この曲の作詞作曲は、モータウンが誇るヒット・メーカー、ホーランド・ドジャー・ホーランド。エディー・ホーランド、ラモント・ドジャー、ブライアン・ホーランドのトリオである。だが、この曲に関しては、ラモント・ドジャーの痛い体験が下敷きになっている。
ソングライター・チームとして多忙な毎日を過ごしていたドジャーだが、お遊びの方も忘れてはいなかった。
その日、スタジオでの仕事が終わると、彼は「お相手」を「ノーテル・モーテル(No-Tell Motel)に連れ込んだ。ノーテル・モーテルとは、第3者と会って、会話する危険のないモーテル、いわゆるラブ・ホテルのことである。
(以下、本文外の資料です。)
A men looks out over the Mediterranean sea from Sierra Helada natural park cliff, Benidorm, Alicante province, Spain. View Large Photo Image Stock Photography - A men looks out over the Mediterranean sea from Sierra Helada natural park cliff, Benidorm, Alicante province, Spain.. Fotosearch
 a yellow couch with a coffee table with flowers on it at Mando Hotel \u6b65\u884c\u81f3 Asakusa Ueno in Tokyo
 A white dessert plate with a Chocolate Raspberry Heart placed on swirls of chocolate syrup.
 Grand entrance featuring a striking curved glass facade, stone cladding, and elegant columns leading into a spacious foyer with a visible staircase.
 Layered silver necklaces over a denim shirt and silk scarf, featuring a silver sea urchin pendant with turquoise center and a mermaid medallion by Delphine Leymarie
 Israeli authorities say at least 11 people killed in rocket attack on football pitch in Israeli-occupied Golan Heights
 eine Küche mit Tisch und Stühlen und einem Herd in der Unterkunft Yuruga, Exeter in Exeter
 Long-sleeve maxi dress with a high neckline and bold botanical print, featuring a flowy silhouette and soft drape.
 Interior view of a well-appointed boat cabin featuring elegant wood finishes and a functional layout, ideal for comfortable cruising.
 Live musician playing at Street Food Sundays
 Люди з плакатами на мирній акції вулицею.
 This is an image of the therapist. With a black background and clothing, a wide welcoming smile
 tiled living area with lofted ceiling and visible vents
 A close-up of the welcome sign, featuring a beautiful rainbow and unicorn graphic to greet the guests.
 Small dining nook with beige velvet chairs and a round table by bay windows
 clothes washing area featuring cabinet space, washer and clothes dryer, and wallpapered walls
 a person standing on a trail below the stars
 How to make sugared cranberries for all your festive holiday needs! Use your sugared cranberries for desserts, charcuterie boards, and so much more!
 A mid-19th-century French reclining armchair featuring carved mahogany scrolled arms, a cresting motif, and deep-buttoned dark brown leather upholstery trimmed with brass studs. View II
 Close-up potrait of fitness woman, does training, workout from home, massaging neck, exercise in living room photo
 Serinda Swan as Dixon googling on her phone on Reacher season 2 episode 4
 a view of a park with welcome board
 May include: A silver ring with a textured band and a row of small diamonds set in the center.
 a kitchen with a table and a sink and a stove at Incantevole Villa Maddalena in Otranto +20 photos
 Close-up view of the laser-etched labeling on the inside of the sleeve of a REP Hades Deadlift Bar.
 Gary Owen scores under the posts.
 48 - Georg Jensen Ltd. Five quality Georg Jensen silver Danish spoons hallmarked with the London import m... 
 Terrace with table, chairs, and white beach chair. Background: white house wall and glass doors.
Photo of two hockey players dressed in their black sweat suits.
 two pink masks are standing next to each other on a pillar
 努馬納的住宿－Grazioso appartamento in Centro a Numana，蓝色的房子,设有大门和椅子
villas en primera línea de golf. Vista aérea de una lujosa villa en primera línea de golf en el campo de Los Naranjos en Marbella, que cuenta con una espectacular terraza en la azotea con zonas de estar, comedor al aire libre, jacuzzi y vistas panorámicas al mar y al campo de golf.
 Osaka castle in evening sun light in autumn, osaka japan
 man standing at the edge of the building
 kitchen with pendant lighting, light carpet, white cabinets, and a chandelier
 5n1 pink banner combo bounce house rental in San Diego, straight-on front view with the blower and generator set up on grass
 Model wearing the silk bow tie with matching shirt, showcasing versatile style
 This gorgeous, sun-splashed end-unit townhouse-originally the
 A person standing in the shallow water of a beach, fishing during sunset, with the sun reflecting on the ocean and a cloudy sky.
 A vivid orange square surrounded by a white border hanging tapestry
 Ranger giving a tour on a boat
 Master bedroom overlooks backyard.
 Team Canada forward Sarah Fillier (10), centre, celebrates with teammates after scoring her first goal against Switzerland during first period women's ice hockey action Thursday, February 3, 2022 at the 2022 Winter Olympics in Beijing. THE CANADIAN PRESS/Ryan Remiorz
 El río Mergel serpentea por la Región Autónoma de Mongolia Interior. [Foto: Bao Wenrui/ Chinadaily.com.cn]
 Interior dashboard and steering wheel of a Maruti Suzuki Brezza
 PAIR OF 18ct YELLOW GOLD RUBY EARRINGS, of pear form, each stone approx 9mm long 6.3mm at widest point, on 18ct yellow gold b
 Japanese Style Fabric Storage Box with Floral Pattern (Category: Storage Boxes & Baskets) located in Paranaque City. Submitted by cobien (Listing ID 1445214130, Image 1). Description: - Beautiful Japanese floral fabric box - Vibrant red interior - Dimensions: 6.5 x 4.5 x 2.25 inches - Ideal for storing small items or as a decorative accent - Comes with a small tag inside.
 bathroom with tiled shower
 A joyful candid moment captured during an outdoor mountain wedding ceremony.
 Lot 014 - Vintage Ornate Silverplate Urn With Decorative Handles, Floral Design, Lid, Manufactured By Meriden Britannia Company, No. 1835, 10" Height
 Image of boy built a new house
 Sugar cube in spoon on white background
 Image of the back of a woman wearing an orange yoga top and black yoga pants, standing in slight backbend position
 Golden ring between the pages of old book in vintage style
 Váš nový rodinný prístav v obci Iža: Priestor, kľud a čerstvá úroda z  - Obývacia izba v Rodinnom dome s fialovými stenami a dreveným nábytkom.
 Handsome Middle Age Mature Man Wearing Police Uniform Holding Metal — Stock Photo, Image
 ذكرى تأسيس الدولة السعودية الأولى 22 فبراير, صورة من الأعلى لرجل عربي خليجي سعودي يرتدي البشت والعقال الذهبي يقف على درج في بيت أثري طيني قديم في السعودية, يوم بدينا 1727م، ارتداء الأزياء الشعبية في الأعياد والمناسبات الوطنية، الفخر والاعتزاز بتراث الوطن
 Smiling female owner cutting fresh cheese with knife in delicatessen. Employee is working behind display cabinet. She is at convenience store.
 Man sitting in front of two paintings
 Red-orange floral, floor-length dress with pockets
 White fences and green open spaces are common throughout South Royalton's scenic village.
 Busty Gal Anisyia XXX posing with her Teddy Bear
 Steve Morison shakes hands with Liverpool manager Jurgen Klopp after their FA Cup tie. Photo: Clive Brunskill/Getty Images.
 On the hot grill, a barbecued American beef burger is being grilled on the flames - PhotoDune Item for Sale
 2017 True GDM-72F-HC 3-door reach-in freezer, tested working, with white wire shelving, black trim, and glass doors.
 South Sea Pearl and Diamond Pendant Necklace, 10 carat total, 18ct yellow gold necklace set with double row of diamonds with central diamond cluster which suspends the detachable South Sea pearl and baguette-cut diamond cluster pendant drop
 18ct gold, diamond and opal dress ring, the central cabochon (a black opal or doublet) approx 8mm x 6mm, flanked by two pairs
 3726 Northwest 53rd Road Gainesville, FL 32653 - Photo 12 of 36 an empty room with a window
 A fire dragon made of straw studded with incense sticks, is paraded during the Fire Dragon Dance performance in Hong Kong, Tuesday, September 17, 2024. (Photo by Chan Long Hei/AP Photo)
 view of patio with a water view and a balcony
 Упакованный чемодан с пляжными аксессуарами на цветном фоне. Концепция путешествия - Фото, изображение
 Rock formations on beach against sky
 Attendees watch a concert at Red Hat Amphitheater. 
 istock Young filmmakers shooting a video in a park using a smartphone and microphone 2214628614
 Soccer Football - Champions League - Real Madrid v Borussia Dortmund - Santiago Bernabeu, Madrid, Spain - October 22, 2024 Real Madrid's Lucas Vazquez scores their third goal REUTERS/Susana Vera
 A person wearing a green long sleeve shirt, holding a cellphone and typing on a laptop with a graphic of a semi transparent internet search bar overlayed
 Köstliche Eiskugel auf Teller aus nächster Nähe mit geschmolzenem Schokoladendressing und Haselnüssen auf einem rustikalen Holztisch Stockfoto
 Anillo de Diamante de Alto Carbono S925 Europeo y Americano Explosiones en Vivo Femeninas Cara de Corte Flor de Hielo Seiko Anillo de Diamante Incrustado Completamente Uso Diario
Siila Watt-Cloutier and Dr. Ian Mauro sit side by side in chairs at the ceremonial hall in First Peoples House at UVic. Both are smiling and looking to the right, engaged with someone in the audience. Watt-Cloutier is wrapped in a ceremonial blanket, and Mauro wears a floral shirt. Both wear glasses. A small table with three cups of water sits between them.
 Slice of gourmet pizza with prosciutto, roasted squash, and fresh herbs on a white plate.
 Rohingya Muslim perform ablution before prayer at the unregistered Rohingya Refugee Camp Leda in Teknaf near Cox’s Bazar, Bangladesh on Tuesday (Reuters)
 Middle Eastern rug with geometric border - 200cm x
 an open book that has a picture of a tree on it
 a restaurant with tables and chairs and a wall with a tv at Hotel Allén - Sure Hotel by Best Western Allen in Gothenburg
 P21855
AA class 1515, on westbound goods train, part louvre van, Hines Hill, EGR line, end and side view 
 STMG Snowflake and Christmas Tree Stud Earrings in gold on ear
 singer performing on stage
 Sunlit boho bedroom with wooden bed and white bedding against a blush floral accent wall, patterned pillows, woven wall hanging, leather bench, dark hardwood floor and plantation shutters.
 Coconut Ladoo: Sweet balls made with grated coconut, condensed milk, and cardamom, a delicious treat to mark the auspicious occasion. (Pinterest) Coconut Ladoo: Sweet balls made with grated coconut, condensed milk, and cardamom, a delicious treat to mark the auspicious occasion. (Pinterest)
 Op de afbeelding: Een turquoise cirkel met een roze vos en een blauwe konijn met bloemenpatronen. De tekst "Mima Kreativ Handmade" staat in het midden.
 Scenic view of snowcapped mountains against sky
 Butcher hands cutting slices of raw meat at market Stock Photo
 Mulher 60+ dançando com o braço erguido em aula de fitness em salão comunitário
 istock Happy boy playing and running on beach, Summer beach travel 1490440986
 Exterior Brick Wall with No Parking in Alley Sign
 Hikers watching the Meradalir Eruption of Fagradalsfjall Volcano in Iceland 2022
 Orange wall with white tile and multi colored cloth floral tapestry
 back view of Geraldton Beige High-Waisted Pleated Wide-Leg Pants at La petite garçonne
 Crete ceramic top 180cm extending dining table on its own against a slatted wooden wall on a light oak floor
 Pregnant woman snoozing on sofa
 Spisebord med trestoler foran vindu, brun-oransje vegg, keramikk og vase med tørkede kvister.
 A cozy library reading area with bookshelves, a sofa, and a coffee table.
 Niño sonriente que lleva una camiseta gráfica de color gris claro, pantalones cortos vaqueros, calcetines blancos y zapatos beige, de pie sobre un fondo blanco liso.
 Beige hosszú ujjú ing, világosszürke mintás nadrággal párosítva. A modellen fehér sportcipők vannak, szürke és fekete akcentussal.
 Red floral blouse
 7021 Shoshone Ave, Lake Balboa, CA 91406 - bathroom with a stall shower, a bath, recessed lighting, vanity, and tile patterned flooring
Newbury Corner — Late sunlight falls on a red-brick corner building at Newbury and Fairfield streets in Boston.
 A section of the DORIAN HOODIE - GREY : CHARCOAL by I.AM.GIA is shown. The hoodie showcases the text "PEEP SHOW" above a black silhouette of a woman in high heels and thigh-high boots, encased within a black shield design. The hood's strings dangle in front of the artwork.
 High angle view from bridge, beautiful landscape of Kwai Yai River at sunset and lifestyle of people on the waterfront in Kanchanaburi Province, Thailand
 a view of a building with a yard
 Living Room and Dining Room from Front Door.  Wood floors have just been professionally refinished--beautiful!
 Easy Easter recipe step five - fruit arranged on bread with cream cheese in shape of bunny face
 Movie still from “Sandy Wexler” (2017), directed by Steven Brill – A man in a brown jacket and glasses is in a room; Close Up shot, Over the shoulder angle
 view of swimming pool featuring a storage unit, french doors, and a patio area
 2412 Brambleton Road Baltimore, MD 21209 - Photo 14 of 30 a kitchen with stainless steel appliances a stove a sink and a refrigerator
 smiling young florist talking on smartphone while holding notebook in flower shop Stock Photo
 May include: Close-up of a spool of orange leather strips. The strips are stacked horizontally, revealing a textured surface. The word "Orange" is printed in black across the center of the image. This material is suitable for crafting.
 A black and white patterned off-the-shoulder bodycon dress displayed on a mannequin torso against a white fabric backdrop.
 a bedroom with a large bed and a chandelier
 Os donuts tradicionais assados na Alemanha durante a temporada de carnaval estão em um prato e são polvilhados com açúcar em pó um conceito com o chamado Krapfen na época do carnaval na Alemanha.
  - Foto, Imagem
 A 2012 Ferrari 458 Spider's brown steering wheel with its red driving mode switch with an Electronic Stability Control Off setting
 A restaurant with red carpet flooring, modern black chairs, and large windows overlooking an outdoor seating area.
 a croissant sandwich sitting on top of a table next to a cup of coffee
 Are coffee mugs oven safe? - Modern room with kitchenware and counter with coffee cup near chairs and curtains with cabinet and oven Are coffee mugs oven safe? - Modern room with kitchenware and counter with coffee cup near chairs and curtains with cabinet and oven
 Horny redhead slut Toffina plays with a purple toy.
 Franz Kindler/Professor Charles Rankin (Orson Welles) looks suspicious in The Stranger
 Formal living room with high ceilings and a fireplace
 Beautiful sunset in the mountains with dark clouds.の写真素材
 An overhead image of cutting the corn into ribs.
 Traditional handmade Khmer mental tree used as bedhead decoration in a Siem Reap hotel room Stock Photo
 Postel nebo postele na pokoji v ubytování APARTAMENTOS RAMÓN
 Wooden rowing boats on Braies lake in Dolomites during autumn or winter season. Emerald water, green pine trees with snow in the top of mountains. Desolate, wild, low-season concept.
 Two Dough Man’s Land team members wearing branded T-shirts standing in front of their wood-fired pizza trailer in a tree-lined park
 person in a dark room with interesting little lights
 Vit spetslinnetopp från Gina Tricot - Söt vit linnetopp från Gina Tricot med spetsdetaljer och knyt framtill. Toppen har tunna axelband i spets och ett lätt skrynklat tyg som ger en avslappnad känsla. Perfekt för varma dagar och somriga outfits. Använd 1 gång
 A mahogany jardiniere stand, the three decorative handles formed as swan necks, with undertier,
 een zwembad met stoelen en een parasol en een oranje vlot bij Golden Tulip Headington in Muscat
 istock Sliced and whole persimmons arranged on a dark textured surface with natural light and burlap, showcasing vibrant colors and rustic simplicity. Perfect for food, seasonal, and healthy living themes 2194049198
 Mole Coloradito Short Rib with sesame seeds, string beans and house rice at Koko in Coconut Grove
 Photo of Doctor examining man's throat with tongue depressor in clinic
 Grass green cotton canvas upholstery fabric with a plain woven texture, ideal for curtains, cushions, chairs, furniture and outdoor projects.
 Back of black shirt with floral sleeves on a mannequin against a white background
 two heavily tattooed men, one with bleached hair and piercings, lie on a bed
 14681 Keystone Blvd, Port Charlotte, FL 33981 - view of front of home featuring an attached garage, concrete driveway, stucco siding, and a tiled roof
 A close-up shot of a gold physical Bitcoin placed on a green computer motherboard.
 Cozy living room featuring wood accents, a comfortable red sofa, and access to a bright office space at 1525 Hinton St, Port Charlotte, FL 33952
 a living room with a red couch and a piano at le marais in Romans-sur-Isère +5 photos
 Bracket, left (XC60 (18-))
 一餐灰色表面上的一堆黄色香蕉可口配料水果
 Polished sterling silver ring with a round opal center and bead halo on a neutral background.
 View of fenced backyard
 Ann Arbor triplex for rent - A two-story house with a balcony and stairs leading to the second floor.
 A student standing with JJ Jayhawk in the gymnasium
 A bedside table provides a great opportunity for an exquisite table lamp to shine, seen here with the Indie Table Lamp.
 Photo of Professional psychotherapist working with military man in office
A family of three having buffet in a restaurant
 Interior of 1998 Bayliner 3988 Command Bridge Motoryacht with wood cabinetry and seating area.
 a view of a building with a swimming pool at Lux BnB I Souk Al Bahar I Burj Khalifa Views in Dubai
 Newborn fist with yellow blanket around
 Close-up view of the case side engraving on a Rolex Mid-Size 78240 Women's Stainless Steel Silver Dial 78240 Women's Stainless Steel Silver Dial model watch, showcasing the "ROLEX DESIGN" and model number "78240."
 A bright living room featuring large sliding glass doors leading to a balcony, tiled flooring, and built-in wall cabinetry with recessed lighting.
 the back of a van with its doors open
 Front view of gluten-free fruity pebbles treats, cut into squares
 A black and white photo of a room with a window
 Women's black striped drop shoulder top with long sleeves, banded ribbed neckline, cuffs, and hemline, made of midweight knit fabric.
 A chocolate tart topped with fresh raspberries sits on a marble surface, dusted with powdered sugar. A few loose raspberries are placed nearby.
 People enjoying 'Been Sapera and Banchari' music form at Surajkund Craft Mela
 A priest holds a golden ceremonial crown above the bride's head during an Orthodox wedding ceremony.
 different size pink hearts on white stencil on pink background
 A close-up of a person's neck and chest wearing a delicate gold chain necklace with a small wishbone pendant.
ドジャーにはステディなガールフレンドがいたが、お相手は当然、彼女以外の女性だった。
モーテルに入り、ドジャーはお相手にシャワーを浴びさせる。
その時だった。
モーテルのドアを激しくノックする音がした。
「開けて!開けなさい!」
彼女は、そう叫びながら、ドアをノックし続けた。
ドジャーは、急いでお相手をバスルームの窓から脱出させ、落ち着いたふりを装いながら、ドアを開けた。
「ラモント、あなた、私を騙してたのね」
彼女は言った。
「誤解だよ」と、ドジャーは弁明した。スタジオ作業で疲れたから、ちょっと休もうと思っただけだ、と彼は説明したが、もちろん、彼女がそんな彼の言葉を信用するわけがなかった。
「もう、いい。別れましょ」と、彼女は言った。
「ちょっと待ってくれ(ストップ)」と、ドジャーは言った。そして次の言葉が口をついた。
「愛の名のもとに(イン・ザ・ネイム・オブ・ラブ)」
だが、彼女はそのまま彼の前から去っていった。
翌日、スタジオでブライアン・ホーランドがピアノでスローなメロディを弾いていた時のことである。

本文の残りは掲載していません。